- TASK INSTRUCTIONS
Using the records below, repeat exactly the lines from the one holding "Bestaande woning - Appartement" through the one holding "Tour de France 2020 - 4th stage", both ends included, and no others.

- RECORDS TO USE
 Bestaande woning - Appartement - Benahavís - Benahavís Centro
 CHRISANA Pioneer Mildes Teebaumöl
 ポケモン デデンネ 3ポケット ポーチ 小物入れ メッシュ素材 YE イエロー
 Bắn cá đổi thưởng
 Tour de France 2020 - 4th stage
---
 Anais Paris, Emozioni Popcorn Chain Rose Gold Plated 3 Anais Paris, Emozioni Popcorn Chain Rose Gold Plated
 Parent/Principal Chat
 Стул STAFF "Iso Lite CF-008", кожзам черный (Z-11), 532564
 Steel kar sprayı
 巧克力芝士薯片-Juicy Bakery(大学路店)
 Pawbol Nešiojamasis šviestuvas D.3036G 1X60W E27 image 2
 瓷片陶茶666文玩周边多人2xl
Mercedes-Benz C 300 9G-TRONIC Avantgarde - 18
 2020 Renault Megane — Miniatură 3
--
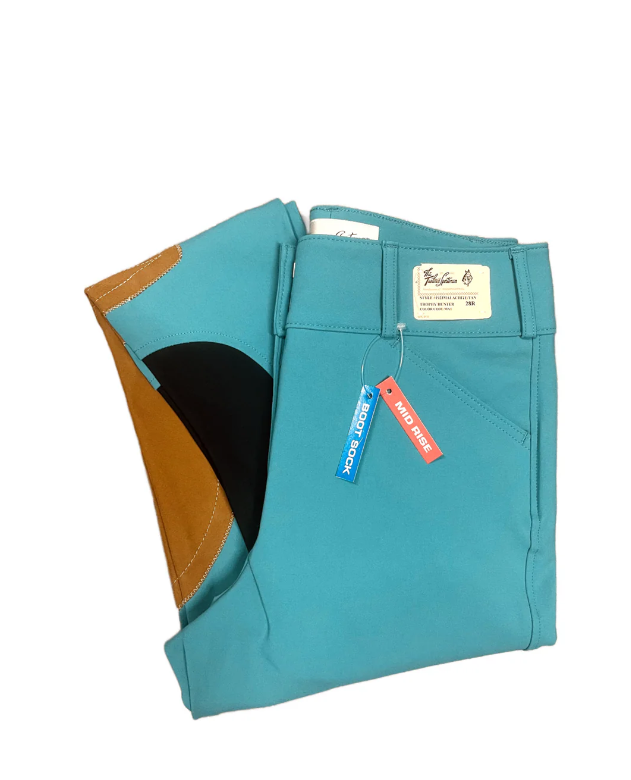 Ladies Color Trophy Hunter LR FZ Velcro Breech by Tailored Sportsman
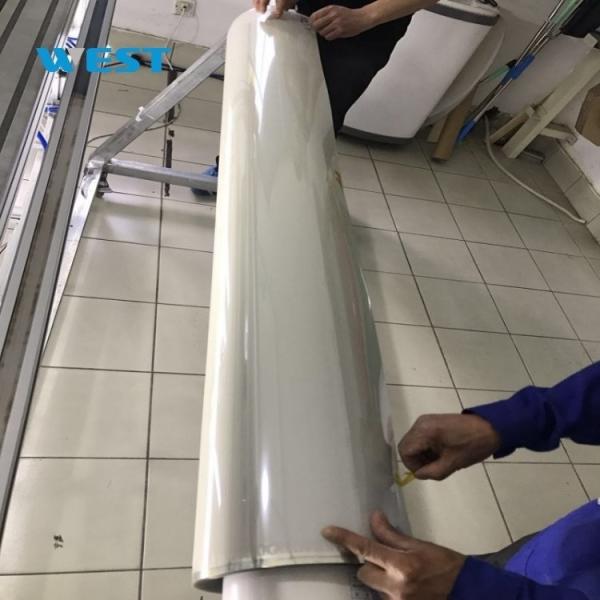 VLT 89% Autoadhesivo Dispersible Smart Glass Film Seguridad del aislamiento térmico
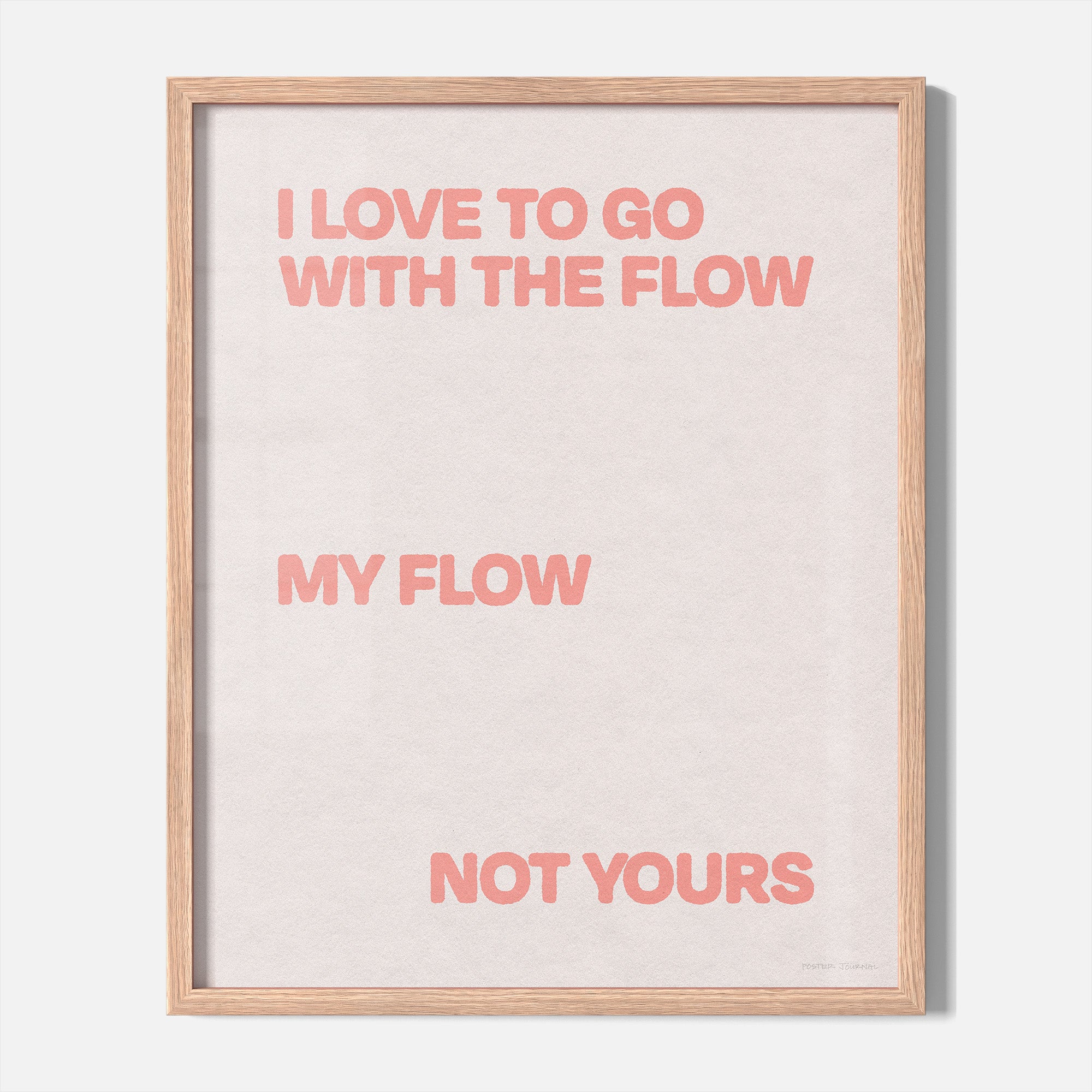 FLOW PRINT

- YOUR RESPONSE
 Bestaande woning - Appartement - Benahavís - Benahavís Centro
 CHRISANA Pioneer Mildes Teebaumöl
 ポケモン デデンネ 3ポケット ポーチ 小物入れ メッシュ素材 YE イエロー
 Bắn cá đổi thưởng
 Tour de France 2020 - 4th stage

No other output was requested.